ABOUT THIS TASK>
Transcribe only part of the material below: the lines from the one containing "Praga: Jantar Medieval c/ Bebidas Ilimitadas" through the one containing "LYKTOR, ett par, Lars", inclusive, exactly as written.

EXTRACTED INFORMATION>
=== Section Start ===

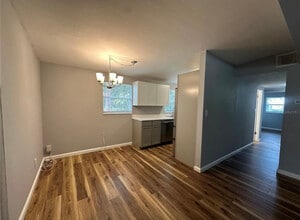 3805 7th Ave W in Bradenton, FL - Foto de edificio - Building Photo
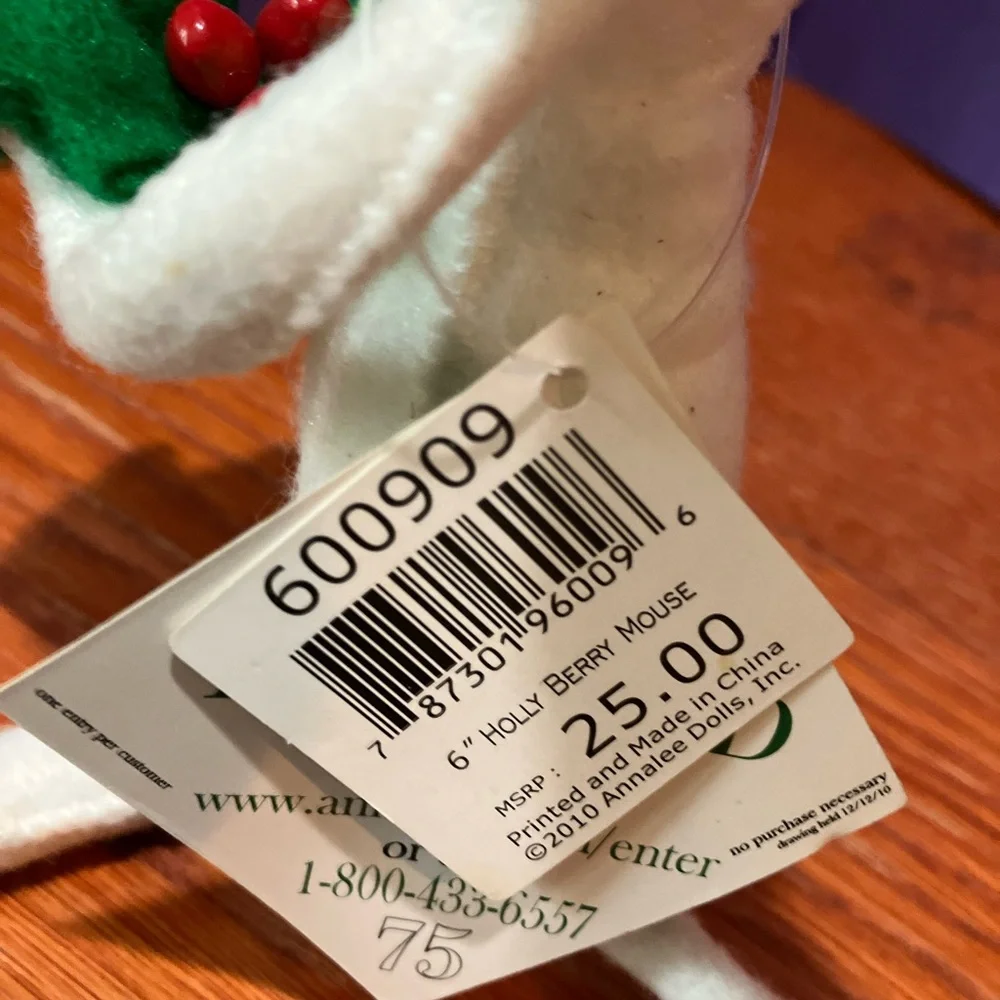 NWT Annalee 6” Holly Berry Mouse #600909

=== Section End ===
=== Section Start ===

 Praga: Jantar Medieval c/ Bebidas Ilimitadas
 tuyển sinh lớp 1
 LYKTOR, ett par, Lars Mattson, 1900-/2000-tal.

=== Section End ===

WORKED SOLUTION>
 Praga: Jantar Medieval c/ Bebidas Ilimitadas
 tuyển sinh lớp 1
 LYKTOR, ett par, Lars Mattson, 1900-/2000-tal.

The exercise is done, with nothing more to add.